Note: Nvidia Expected to Change Reporting on Data Center
There was a discussion on the call that Nvidia plans to start breaking out the data center segment to account for internet service companies in addition to hyperscalers. My understanding is internet service providers would mean 5G providers or other internet services related to edge computing. This was not directly stated but it makes the most sense given where edge computing is headed, which could rival the hyperscalers.
Matt Ramsay
I guess, Colette, I heard in your script that you had you talked about maybe a new way of commenting on or reporting hyperscaler revenue in your data center business. And I wondered if you could maybe give us a little bit more detail about what you’re thinking there and what sort of drove the decision?
Jensen Huang:
[…] And these are internet service companies that offer services, but they’re not public cloud computing companies. The second factor has to do with cloud computing […] [hyperscalers] are two things to us, therefore, a hyperscaler can be a sell to customer; they are also a sell with partner.”
Conclusion:
The market has been discouraging this year. The gaming selloff for Nvidia and PC selloff for AMD were brutal. But if you listen to these calls, it is crystal clear something monumental is going on. We want to capture this as fully as possible. Perhaps we will have 40% allocation in two positions (NVDA or AMD) or perhaps we will have to trim to 15% across two positions and layer back up to 30% allocation. We will do this as skillfully as possible.

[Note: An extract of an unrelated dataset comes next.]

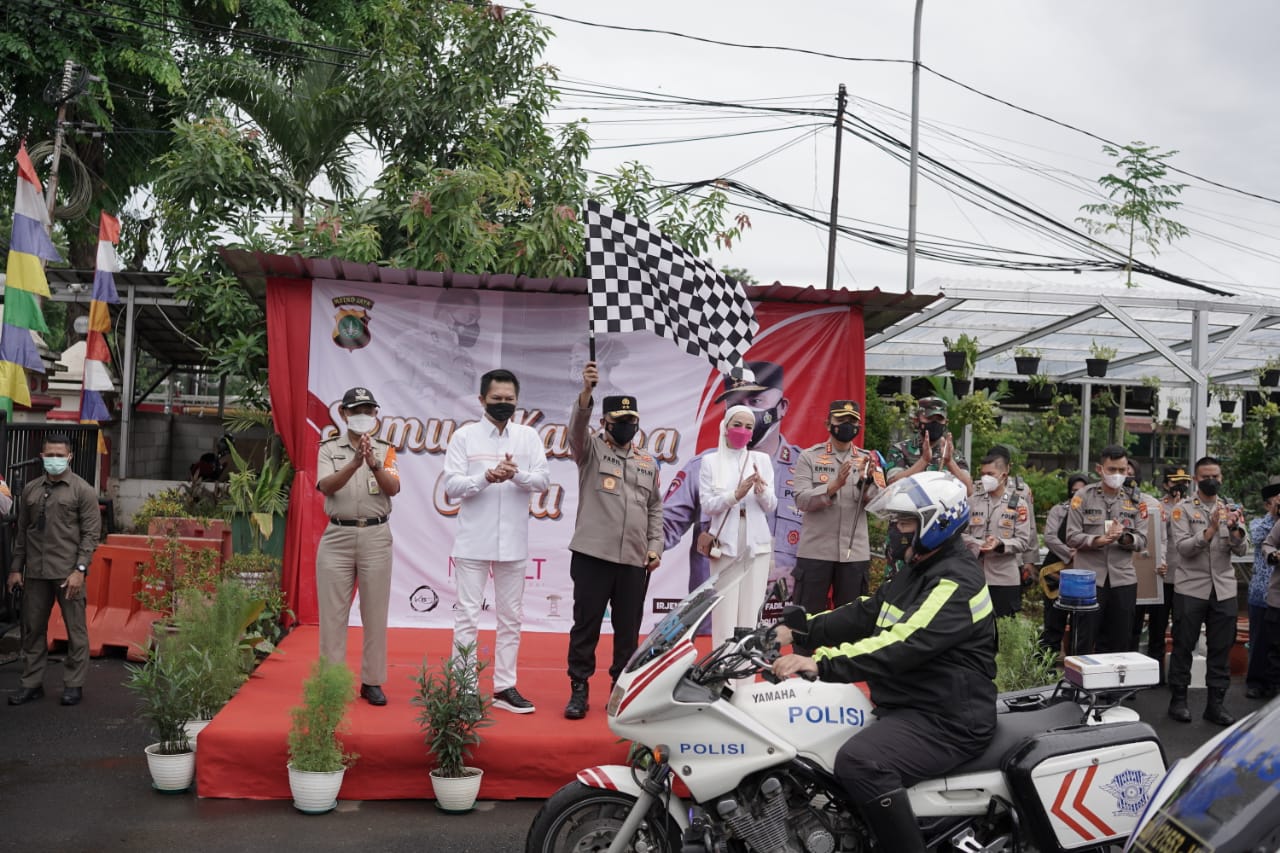 KLT.Official Bagi Ribuan Paket Sembako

If 2021 to 2022 taught us anything, it’s that only the strong survive. That goes for stocks/companies and investors. There is no doubt that NVDA and AMD will weather what’s ahead and we want to stay close to our AI bellwethers. Whatever the tide brings us, you can expect us to obsessively cover these companies and to actually increase our coverageincrease our coverage as we go along. There is no limit to the research needed if we are building positions with conviction.